# Bayesian Linear Regression

"All models are wrong but some are useful"

George Box (Box, 1976)

This tutorial begins with a very provocative quote from the statistician George Box (figure below) on statistical models. Yes, all models are somehow wrong. But they are very useful. The idea is that the reality is too complex for us to understand when analyzing it in a naked and raw way. We need to somehow simplify it into individual components and analyze their relationships. But there is a danger here: any simplification of reality promotes loss of information in some way.

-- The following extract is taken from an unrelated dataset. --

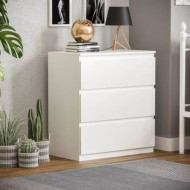 3-drawer storage unit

Therefore, we always have a delicate balance between simplifications of reality through models and the inherent loss of information. Now you ask me: "how are they useful?" Imagine that you are in total darkness and you have a very powerful flashlight but with a narrow beam. Are you going to throw the flashlight away because it can't light everything around you and stay in the dark? You must use the flashlight to aim at interesting places in the darkness in order to illuminate them. You will never find a flashlight that illuminates everything with the clarity you need to analyze all the fine details of reality. Just as you will never find a unique model that will explain the whole reality around you. You need different flashlights just like you need different models. Without them you will be in total darkness.

*George Box*

## Linear Regression

Let's talk about a class of model known as linear regression. The idea here is to model a continuous dependent variable with a linear combination of independent variables.

$\mathbf{y} = \alpha + \mathbf{X} \boldsymbol{\beta} + \epsilon$where:

$\mathbf{y}$ – dependent variable

$\alpha$ – intercept

$\boldsymbol{\beta}$ – coefficient vector

$\mathbf{X}$ – data matrix

$\epsilon$ – model error

To estimate the $\boldsymbol{\beta}$ coefficients we use a Gaussian/normal likelihood function. Mathematically the Bayesian regression model is:

$\begin{aligned} \mathbf{y} &\sim \text{Normal}\left( \alpha + \mathbf{X} \cdot \boldsymbol{\beta}, \sigma \right) \\ \alpha &\sim \text{Normal}(\mu_\alpha, \sigma_\alpha) \\ \boldsymbol{\beta} &\sim \text{Normal}(\mu_{\boldsymbol{\beta}}, \sigma_{\boldsymbol{\beta}}) \\ \sigma &\sim \text{Exponential}(\lambda_\sigma) \end{aligned}$Here we see that the likelihood function $P(\mathbf{y} \mid \boldsymbol{\theta})$ is a normal distribution in which $\mathbf{y}$ depends on the parameters of the model $\alpha$ and $\boldsymbol{\beta}$, in addition to having an error $\sigma$. We condition $\mathbf{y}$ onto the observed data $\mathbf{X}$ by inserting $\alpha + \mathbf{X} \cdot \boldsymbol{\beta}$ as the linear predictor of the model (the mean $\mu$ parameter of the model's Normal likelihood function, and $\sigma$ is the variance parameter). What remains is to specify which are the priors of the model parameters:

Prior Distribution of $\alpha$ – Knowledge we possess regarding the model's intercept.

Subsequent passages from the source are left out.